CosmoClub: Julie Josse (06/04/2017)

Date: April 6th 2017

Speaker: Julie Josse (Ecole Polytechnique)

Title: Missing data imputation using principal component methods


Missing values are ubiquitous and can occur for plenty of reasons: machines that fail, survey participants who do not answer to all questions, etc. The problem of missing values is somehow exacerbated with the amount of available data: data are often multisources (several projects aim to build large repositories by compiling data from preexisting databases) and due to the wide heterogeneity of measurement methods and research objectives, these large databases often exhibit extraordinarily high number of missing values.
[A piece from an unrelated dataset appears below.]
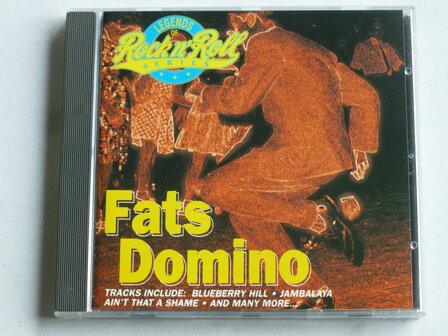 Fats Domino - Rock n&#039; Roll Series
Missing values are problematic since most statistical methods can not be applied directly on a incomplete data.
In this talk, I will present recent tools developed to handle, in a practicable way, missing values. Among them, we can note the treatment of heterogeneous data (both quantitative and categorical) as well as the possibility to go far beyond single estimations and suggest subtle ways of assessing uncertainties. I will discuss imputation methods based on (regularized) singular value decomposition that caught the attention of the community due to their ability to handle large matrices with large amount of missing entries. Then, I will show how to extend these methods to multiple imputation to get notions of confidence intervals to know which credit should be given to analyses obtained from an incomplete data set. Such multiple imputation methods also offer new ways to visualize the variability of the results due to missing values.